Следует подчеркнуть важную вещь: в России есть политика — и ее сейчас очень много, — но практически нет политиков. Это еще один интересный российский феномен. Политика в России зависит от тех сигналов, которые подает вождь, от его понимания ситуации, от его ощущения баланса возможности стагнации и необходимости реформ. Вероятно, в обозримом будущем нам так и не удастся избежать дискретности развития, где периоды успокоения и почивания на лаврах будут сменяться периодами бешеных догоняющих реформ. Ведь лидерство не обязательно подразумевает стратегический взгляд в будущее. Лидер — все-таки живой человек, это не институт, не символ, не флаг и не герб.

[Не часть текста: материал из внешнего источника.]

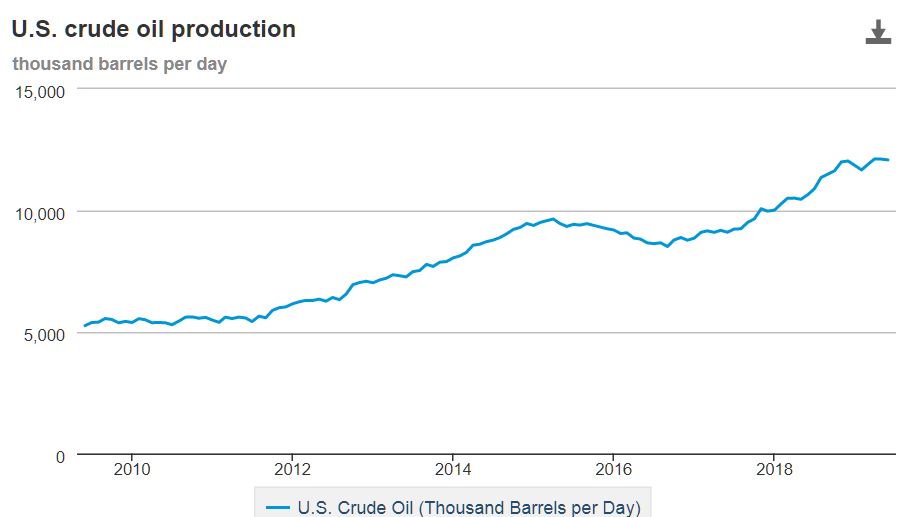 Le boom de la production américaine de pétrole interrompu – Oil Man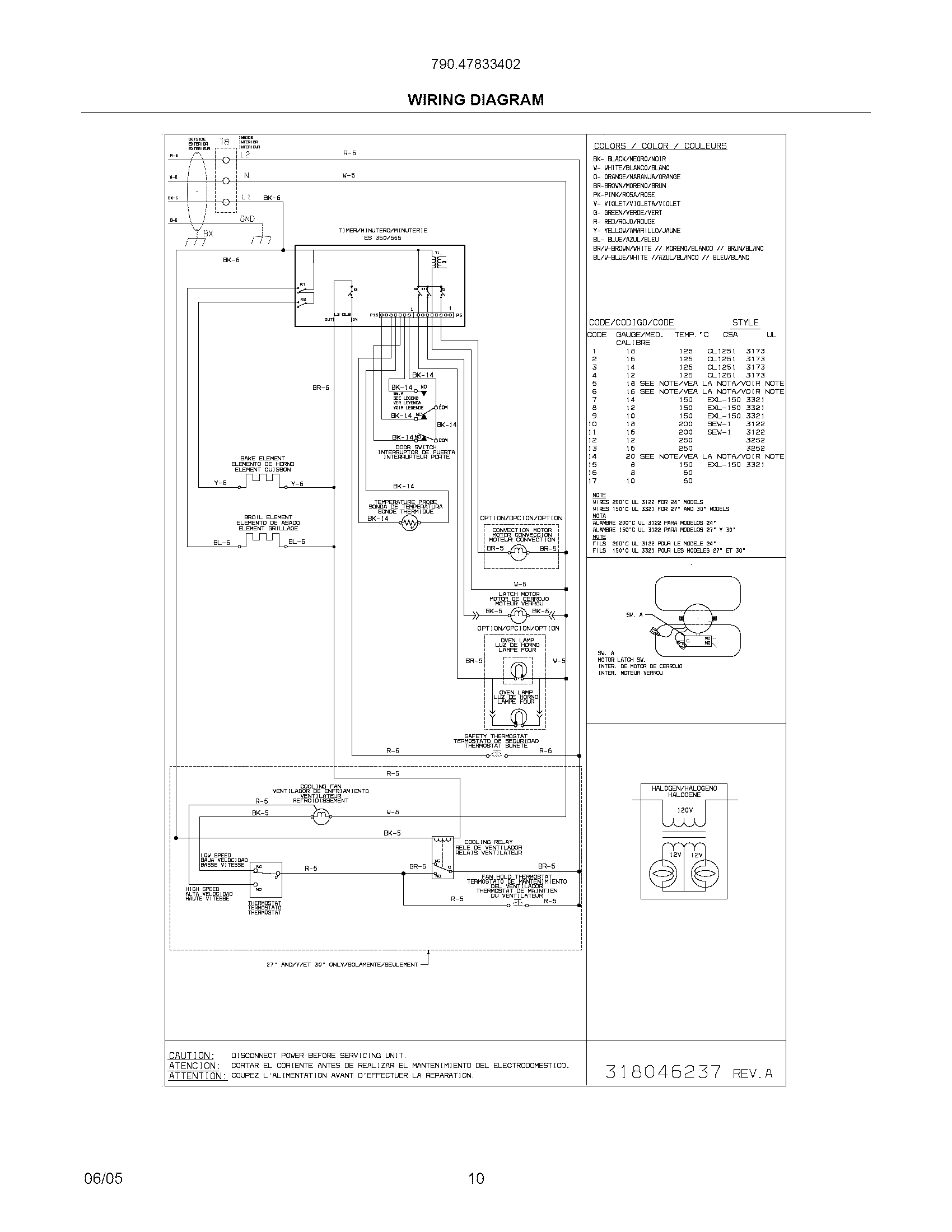 Kenmore 79047833402 wiring diagram diagram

Как в таких условиях обеспечить развитие страны, как преодолеть чередование стагнации и форсированных реформ? В течение своего первого президентского срока Путин провел серьезнейшие реформы, о которых теперь почему-то мало кто вспоминает. А ведь было осуществлено даже объединение церквей, решившее колоссальную проблему. Начало реформы армии, налоговые реформы, изменение законодательства, касающегося собственности на землю, и многое другое — а уже после этого периода бурных перемен началась так называемая путинская стабильность (или стагнация). Второй президентский срок Путина кардинально отличался от первого.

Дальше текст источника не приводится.